Opposition councillors and residents have hit out at North Tyneside Council’s decision to increase the cost of foreshaw parking permits from £50 a year to £250.
They say the decision is an attack on the coast, where the car parks are, and have questioned the timing of the decision as people celebrate and pay for Christmas.
Conservative group leader Coun Judith Wallace said: “This is a staggering increase, which must put North Tyneside in the record books for all the wrong reasons.
“It is yet another attack on the coast, where parking charges have already soared this year.
“I fear it will deter many regular visitors, who come for clubs and to support our businesses.”
Coun Alison Austin, representing Monkseaton North ward, added: “Many residents have complained about the short period of consultation for these permits.
“This cost will make it harder for people to visit the coast regularly, and it will make more drivers park in the side streets instead of using the public car parks.”
The new permits, which are due to come into force on January 18, will allow holders to park in charged parking areas along the seafront – except on Tynemouth Front Street.
The council say the permits – available for either six or 12 months – will no longer be assigned to a single vehicle so families, clubs and groups visiting the coast regularly can share a permit rather than buying one per vehicle.
And officials say the rise, which could help people save £370 if they park for more than ten hours a week at the coast, brings the permit into line with other permits in North Tyneside.

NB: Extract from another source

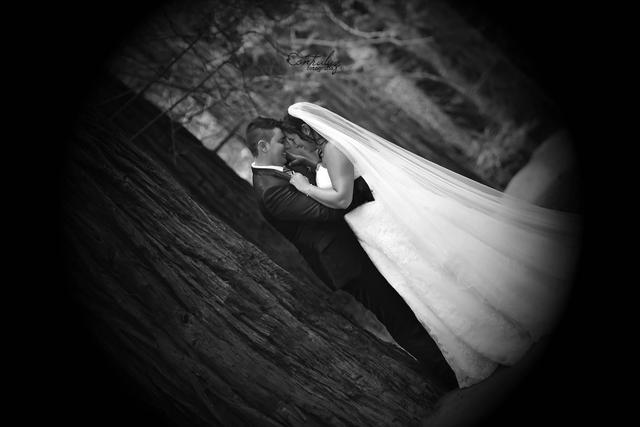 Contraluz fotografía y diseño - 1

Coun John Harrison, cabinet member responsible for transport, said: “This permit still offers excellent value for money, with frequent visitors paying less than £5 per week for unlimited parking at our award-winning coastline.
“Although the charge is increasing, the old charge was disproportionately low compared to other parking permits in North Tyneside. This increase ensures permits are priced consistently across the borough, and helps towards the financial challenges faced by the council.
“The new features of the foreshore permit provide much greater flexibility to permit holders, especially the swimmers, dog walkers, clubs and groups that regularly visit our coast.”
Changes to the existing foreshore permit scheme were originally proposed as part of North Tyneside Council’s 2015/16 budget efficiency plans, through which the authority is required to achieve around £14m of savings.
In support of this, Full Council set a target of a £230,000 increase in revenue for the parking budget, to be raised from increased charges and continued enforcement activity for those who chose contravene parking and bus lane rules.